Departments of Bioengineering and Mechanical and Aerospace Engineering, University of California, San Diego, 9500 Gilman Dr, La Jolla, CA, 92093, USA.
Department of Bioengineering and San Diego Supercomputer Center, University of California, San Diego, 9500 Gilman Dr, La Jolla, CA, 92093, USA.
BMC Bioinformatics. 2019 Apr 27;20(1):212. doi: 10.1186/s12859-019-2746-0.
Community detection algorithms are fundamental tools to uncover important features in networks. There are several studies focused on social networks but only a few deal with biological networks. Directly or indirectly, most of the methods maximize modularity, a measure of the density of links within communities as compared to links between communities.

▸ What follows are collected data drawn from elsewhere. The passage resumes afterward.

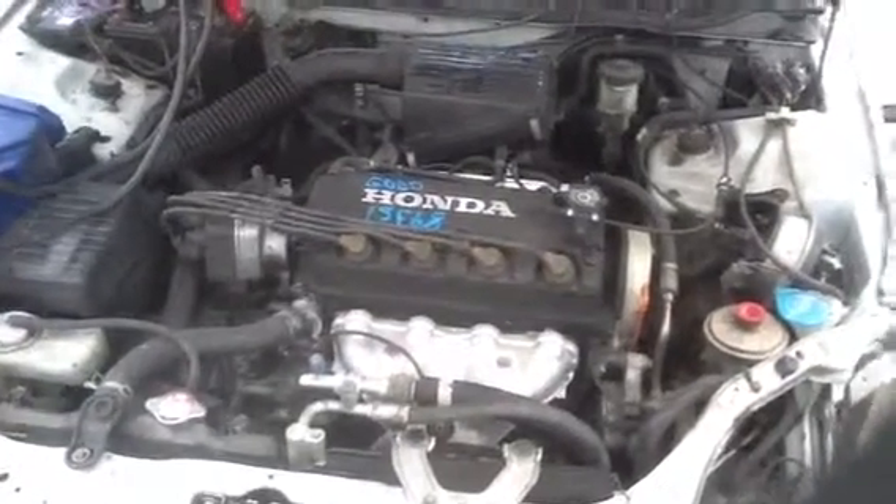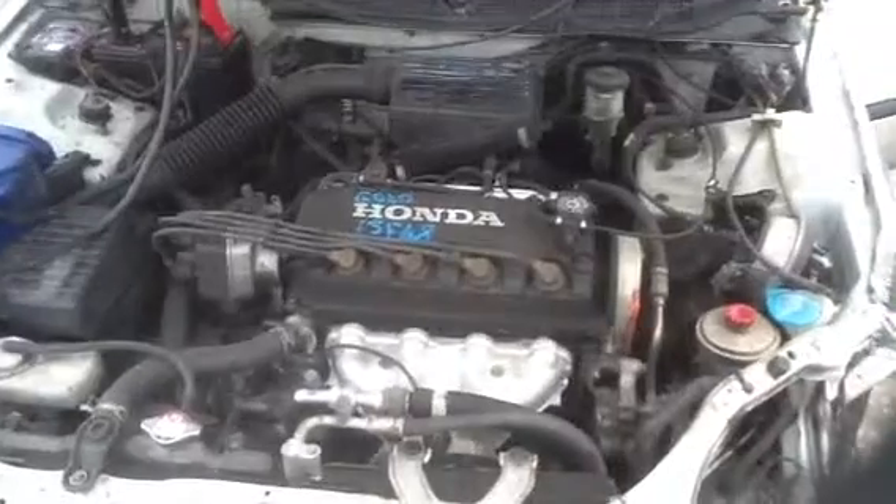1998 Honda Civic, stock number 13F68 with the 1.6. Thank you.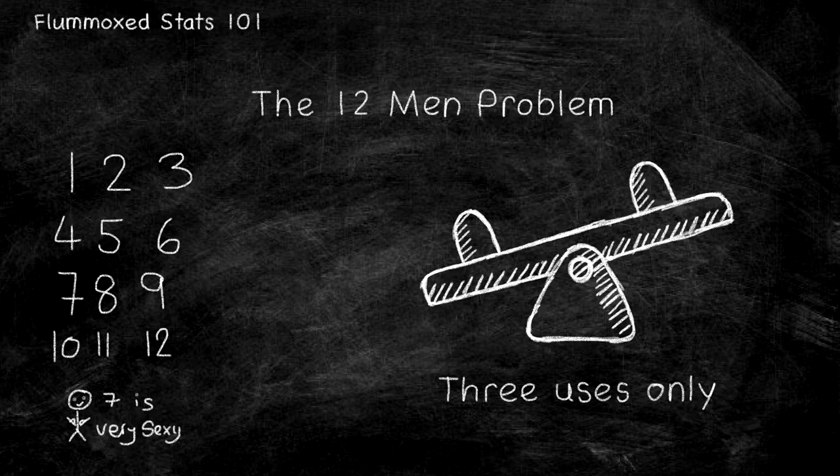You then tell men 1, 2, 3, 4, 5, 6, 7, and 8 to get on the seesaw. If the seesaw moves in one direction, you can then tell the four people on the side that moved to repeat the action in twos, and then in ones, and you have an answer.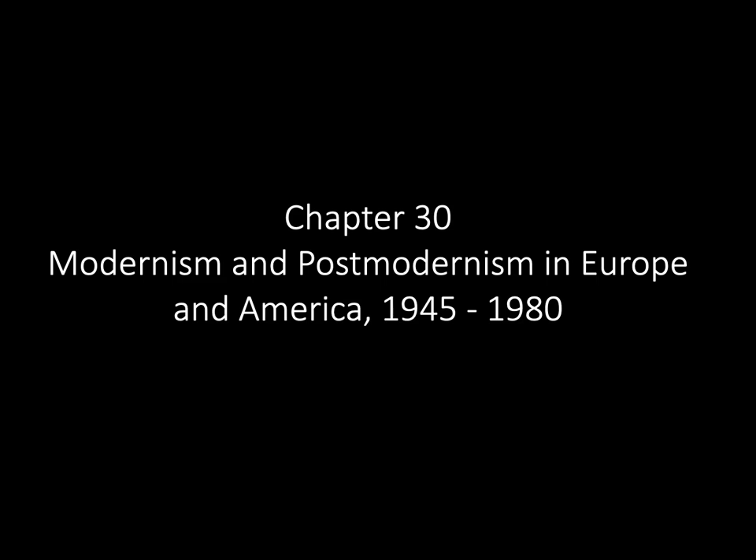Hey there everyone, it's Mr. Lane here. In this lecture we will look at art from the modernism and postmodernism period in Europe and America from 1945 to 1980. Take good notes and let's begin.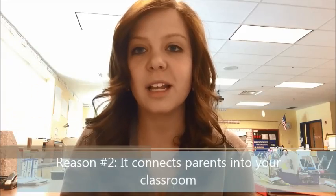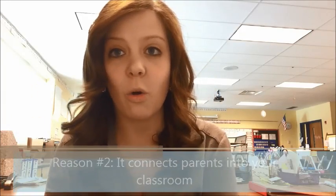The second reason why I think it's important to embrace technology is because it gives parents a view into your classroom. It allows you to connect with your parents in a whole new way. For instance, this year I do several things that allow the parents to see what's going on in the classroom and be engaged with it. We have a closed Facebook group where I can send pictures, videos, and reminders, and communicate with my parents that way.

Here we analyze six different community detection algorithms, namely, Combo, Conclude, Fast Greedy, Leading Eigen, Louvain and Spinglass, on two important biological networks to find their communities and evaluate the results in terms of topological and functional features through Kyoto Encyclopedia of Genes and Genomes pathway and Gene Ontology term enrichment analysis. At a high level, the main assessment criteria are 1) appropriate community size (neither too small nor too large), 2) representation within the community of only one or two broad biological functions, 3) most genes from the network belonging to a pathway should also belong to only one or two communities, and 4) performance speed. The first network in this study is a network of Protein-Protein Interactions (PPI) in Saccharomyces cerevisiae (Yeast) with 6532 nodes and 229,696 edges and the second is a network of PPI in Homo sapiens (Human) with 20,644 nodes and 241,008 edges. All six methods perform well, i.e., find reasonably sized and biologically interpretable communities, for the Yeast PPI network but the Conclude method does not find reasonably sized communities for the Human PPI network. Louvain method maximizes modularity by using an agglomerative approach, and is the fastest method for community detection. For the Yeast PPI network, the results of Spinglass method are most similar to the results of Louvain method with regard to the size of communities and core pathways they identify, whereas for the Human PPI network, Combo and Spinglass methods yield the most similar results, with Louvain being the next closest.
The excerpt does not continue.